The company overcame low oil prices and freight rates posting a 7 percent fall in underlying net profit which was streets ahead of analysts’ expectations of $820m. This caused shares in the shipping conglomerate to rise by 7 percent on Thursday whilst it also said it would begin its second share buyback programme of roughly $1bn in stock.

Blaming global economic uncertainty and consistently low oil prices Maersk cut its global trade growth forecast and abandoned many medium-term profit forecasts.

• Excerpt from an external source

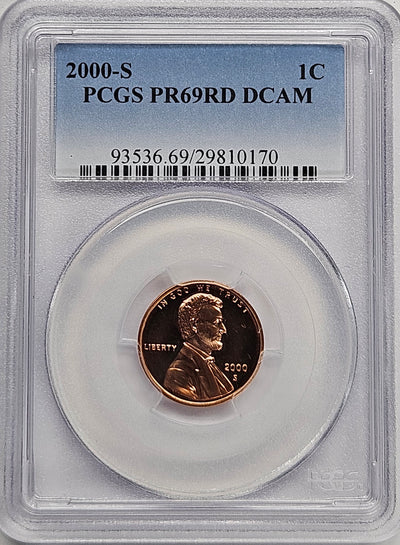 2000-S Lincoln Cent PCGS PR-69 RD DCAM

It expects global container demand (which is quite often used as a metric for growth in world trade) to increase by just 2 – 4 percent, a decrease from 3-5 percent.

“In a quarter impacted by lower average container rates and a lower oil price, the Maersk Group achieved a satisfactory result,” Chief Executive Officer Nils Smedegaard Andersen said in the statement.

The balance sheet “remains strong,” this will allow the company to buy back shares in the company for roughly $1 billion, he said.

The container shipping industry has faced issues with overcapacity and falling freight rates since the global financial crisis with the second quarter of this year no different. Rates were 14 percent lower than the previous year whilst capacity was up 11 percent.

Maersk Line, responsible for transporting around 15 percent of the world’s manufactured goods, said costs dropped by 13 percent per transported container last quarter. The division kept its full-year forecast despite significant drops in freight rates.

The company also announced its plans to buy back $1 billion worth of shares stating that the share buy-back “shows clear commitment of distributing returns to shareholders,” Moerkedal said. “Our current recommendation is neutral, but is under revision.”

Maersk Line’s target for return on invested capital has increased from 8.5 percent to 8.5 – 12 percent after it reached 10.1 per cent in the second quarter, helped by its aggressive cost-cutting programme. The company also changed its target from growing in line with the market to “at least” in line with the market indicating that it would not give up market share after losing some in the first quarter despite overcapacity in the industry.